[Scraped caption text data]

━━━━━━━━━━

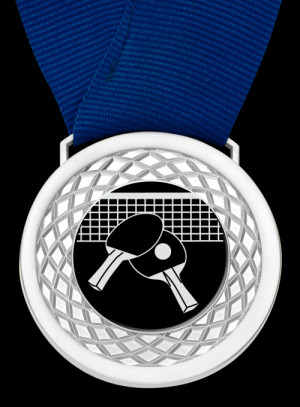 Table Tennis Multi-Medal Or Multi-Coin. Black background with Silver ...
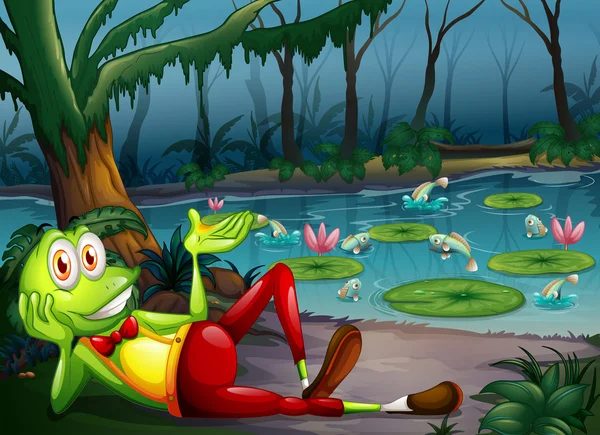 Ormanda su birikintisi yakın oturan bir kurbağa — Stok Vektör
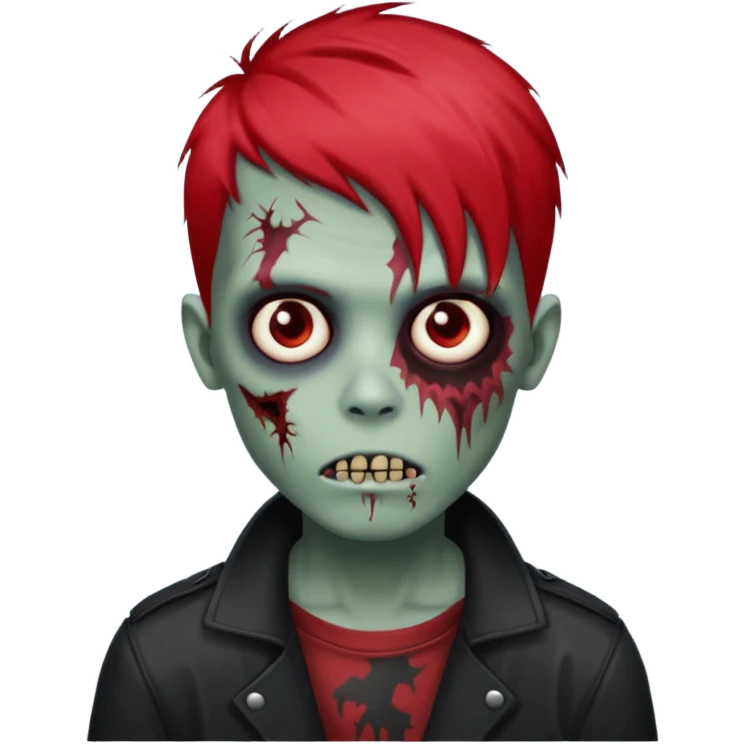 zombie boy emo medium largue hair red  emoji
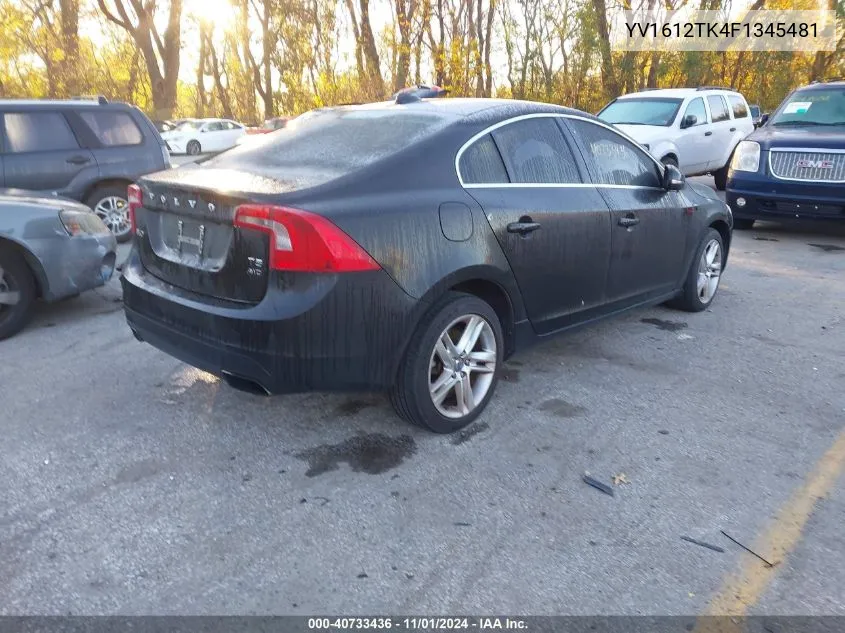 2015 Volvo S60 Premier VIN: YV1612TK4F1345481 Lot: 40733436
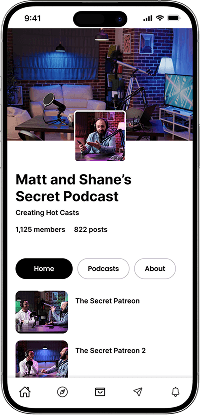 Patreon clone podcast membership page with creator profile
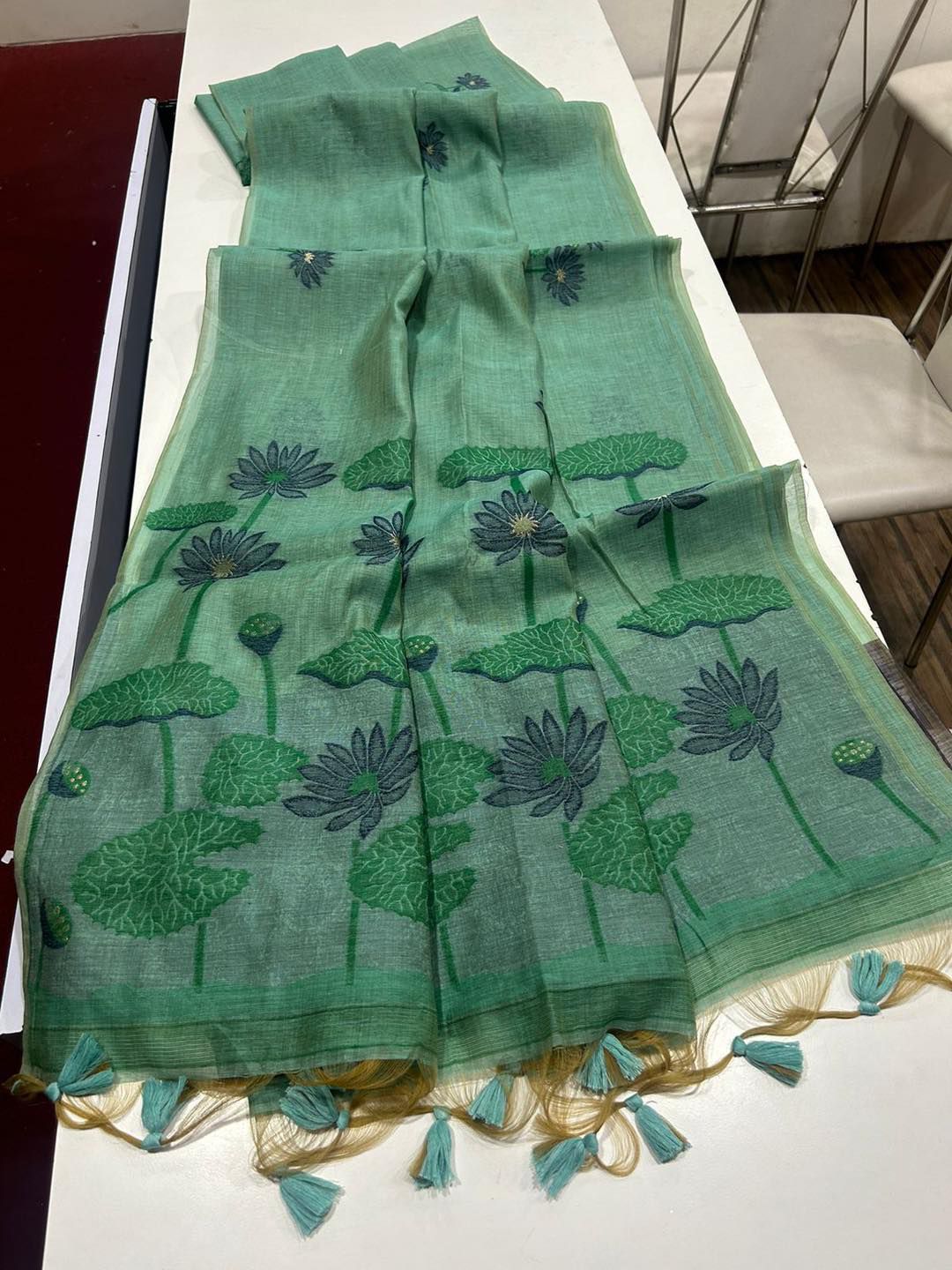 Soft Muga Cotton Saree with Floral Weaving S0125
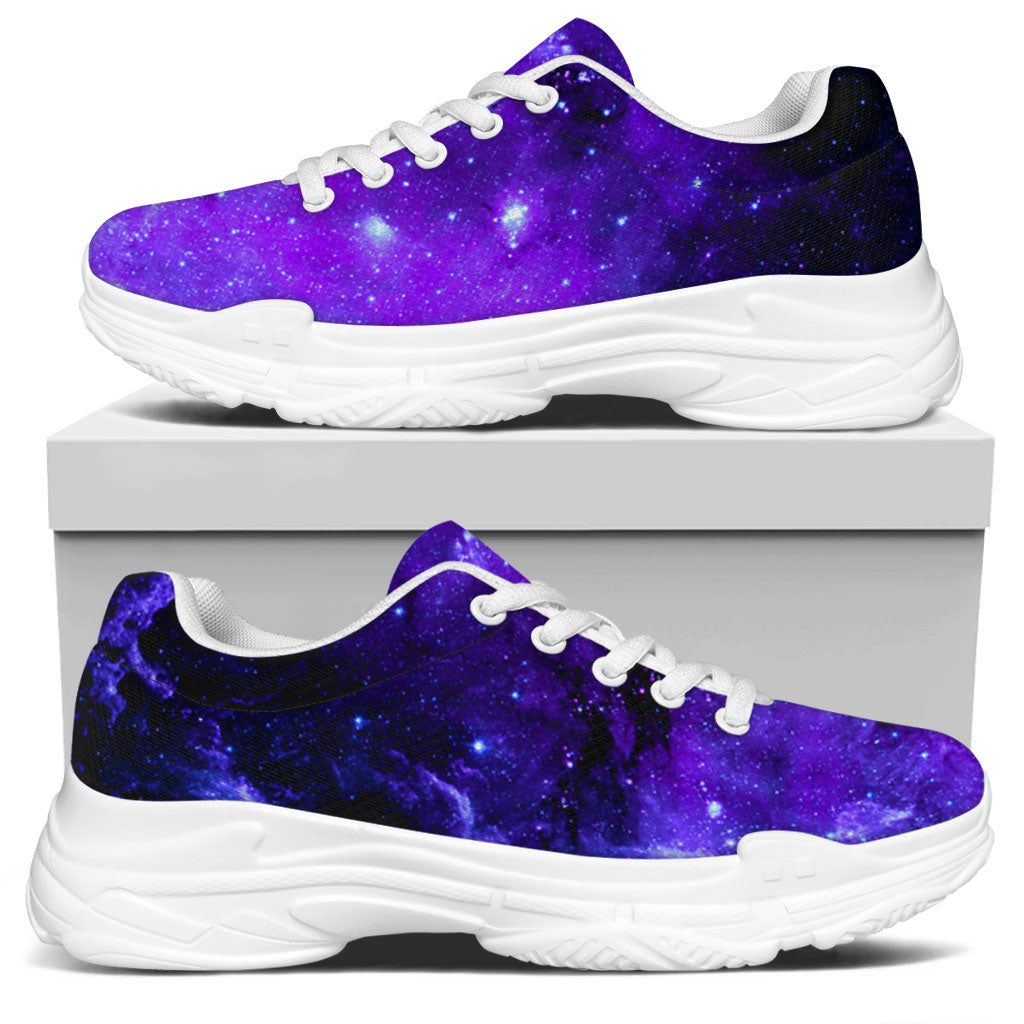 Purple Stars Nebula Galaxy Space Print White Chunky Shoes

━━━━━━━━━━

What is being asked
Please copy the records above word for word, leaving out every picture.

Response
 Table Tennis Multi-Medal Or Multi-Coin. Black background with Silver ...
 Ormanda su birikintisi yakın oturan bir kurbağa — Stok Vektör
 zombie boy emo medium largue hair red  emoji
 2015 Volvo S60 Premier VIN: YV1612TK4F1345481 Lot: 40733436
 Patreon clone podcast membership page with creator profile
 Soft Muga Cotton Saree with Floral Weaving S0125
 Purple Stars Nebula Galaxy Space Print White Chunky Shoes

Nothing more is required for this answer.